On March 12, 2010, the Alabama Court of Civil Appeals considered the issue of whether Post Traumatic Stress Disorder ("PTSD") was compensable as an occupational disease in the absence of a physical injury. In the discovery phase, it was learned that the plaintiff was a Montgomery firefighter for 25 years. In his capacity as a firefighter, he was often called upon to respond to emergency situations. On October 3, 2005, the plaintiff failed to revive a two and a half year old baby. On June 29, 2008, he failed to revive a 52 year old woman. The plaintiff alleged in his complaint that the continuos exposure to such stressful situations caused him to develop PTSD. The employer filed and argued a motion for summary judgment based on the fact that there was no evidence of a physical injury. In Alabama, there must be physical injury in order for a mental injury to be compensable.

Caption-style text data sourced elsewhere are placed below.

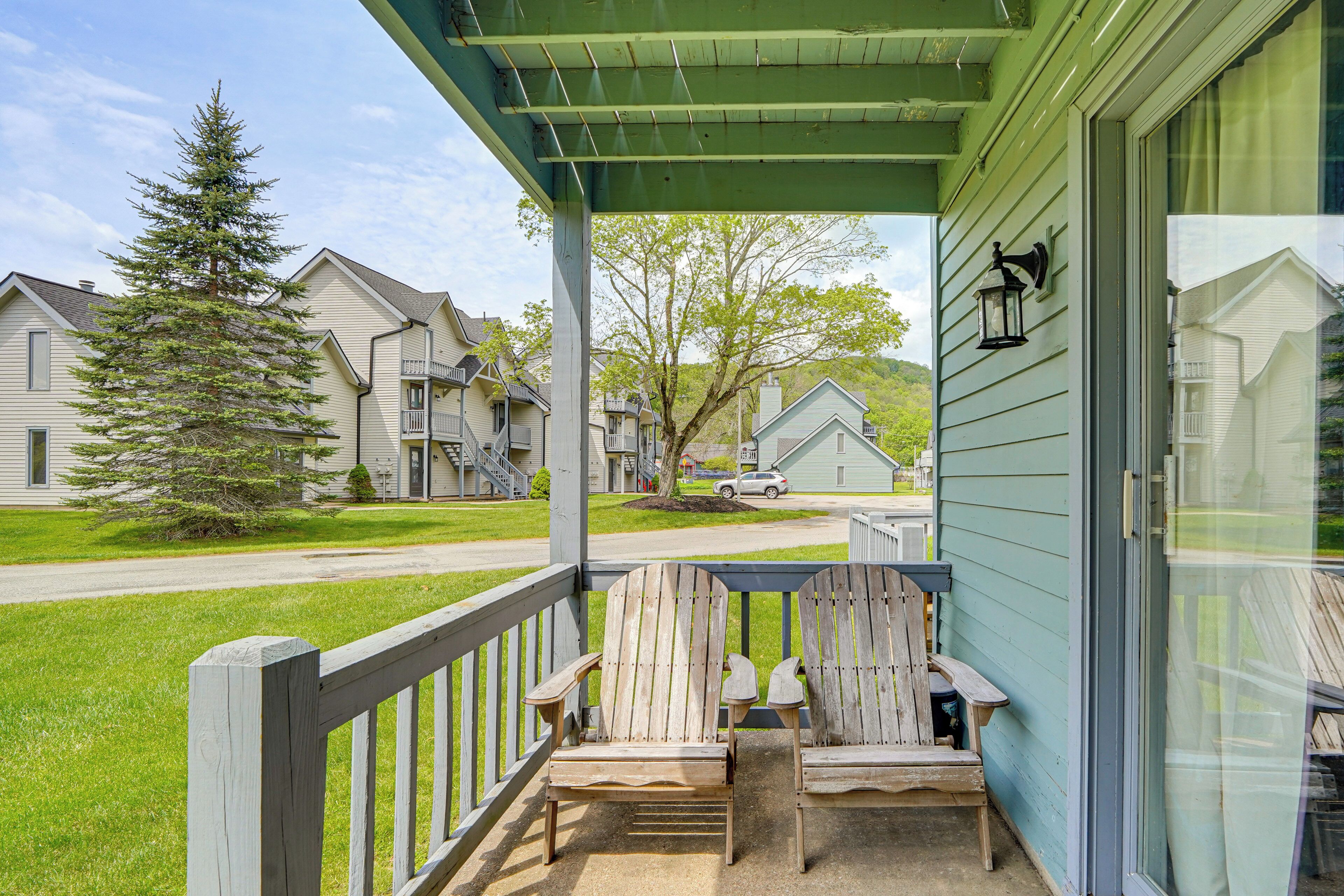 A porch with two wooden Adirondack chairs, a green awning, and a view of a residential street with houses and a tree.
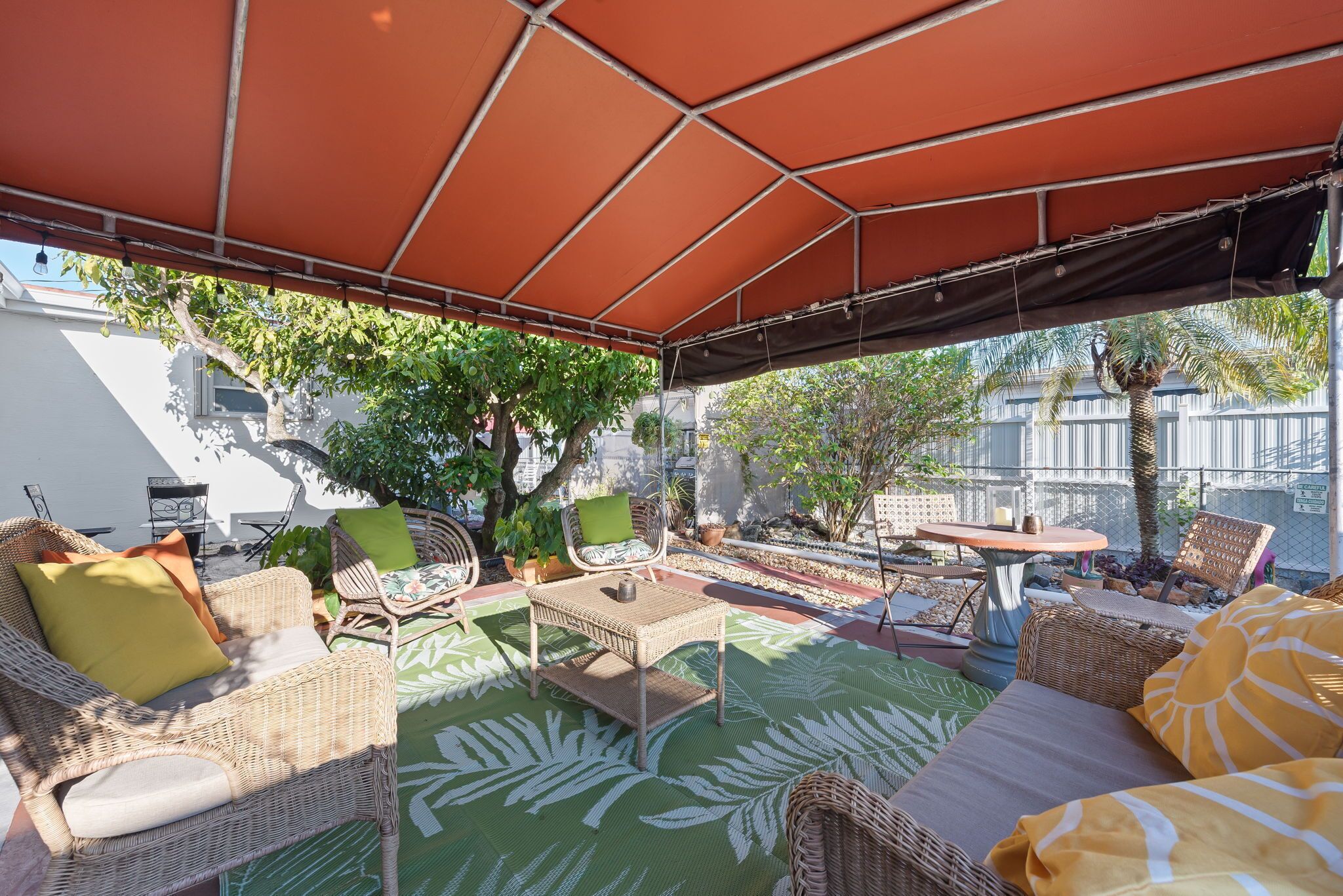 Een terras buiten met rieten meubels, een tafel en een overdekt gedeelte.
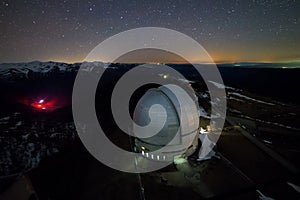 Night view from above to the large dome of the telescope of the special astrophysical observatory in the Arkhyz mountains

The plaintiff conceded that there was no physical injury but argued that there was no such requirement if the mental injury was an occupational disease. The trial court granted the motion for summary judgment and the employee appealed the decision. On appeal, the Court of Civil Appeals considered the briefs and heard oral argument on the issue. The Court ultimately affirmed the trial court’s decision. In support of its decision, the Court noted that the statute defining an occupational disease specifically refers to physical diseases. As such, in order for a mental disease to qualify, it would need to meet the same physical injury requirement as an accidental injury.

My Two Cents:

This is not the first time this argument has been made. However, in prior cases, the Court of Civil Appeals decided in favor of the employer because the plaintiff did not have job duties peculiar to his or her employment that could possibly cause PTSD. This always left open the possibility that the Court could determine in a subsequent case that PTSD was an occupational disease if the plaintiff could prove his or her job duties could cause the disorder. This issue has now been resolved and the physical injury requirement remains intact even when an occupational disease is alleged.

 

Saturday, December 20, 2008

TRIAL COURT'S FINDING OF OCCUPATIONAL DISEASE IS REVERSED

Greater Mobile Chrysler-Jeep, Inc. v. Charles Atterberry:

In this opinion released on December 19, 2008, the Alabama Court of Civil Appeals considered an employee’s claim of occupational disease. At trial, the employee presented evidence that his interstitial lung disease and adult respiratory distress syndrome was caused by exposure to chemicals at work. the trial court ruled in favor of the plaintiff on the limited issue of compensability. The plaintiff had not yet reached MMI and so the issue of disability remained open. Although the employer initially filed a petition for writ of mandamus, it was converted and treated as a timely appeal. In reversing the trial court’s finding of compensability, the Court of Civil Appeals held that the employee failed to identify the necessary causal link between his condition and the chemical exposure for his condition to be considered an occupational disease. The Court further held that the plaintiff failed to establish by clear and convincing evidence that he suffered a non-accidental injury because he could not prove that he was exposed to chemicals materially in excess of what ordinary people are exposed to in their everyday lives.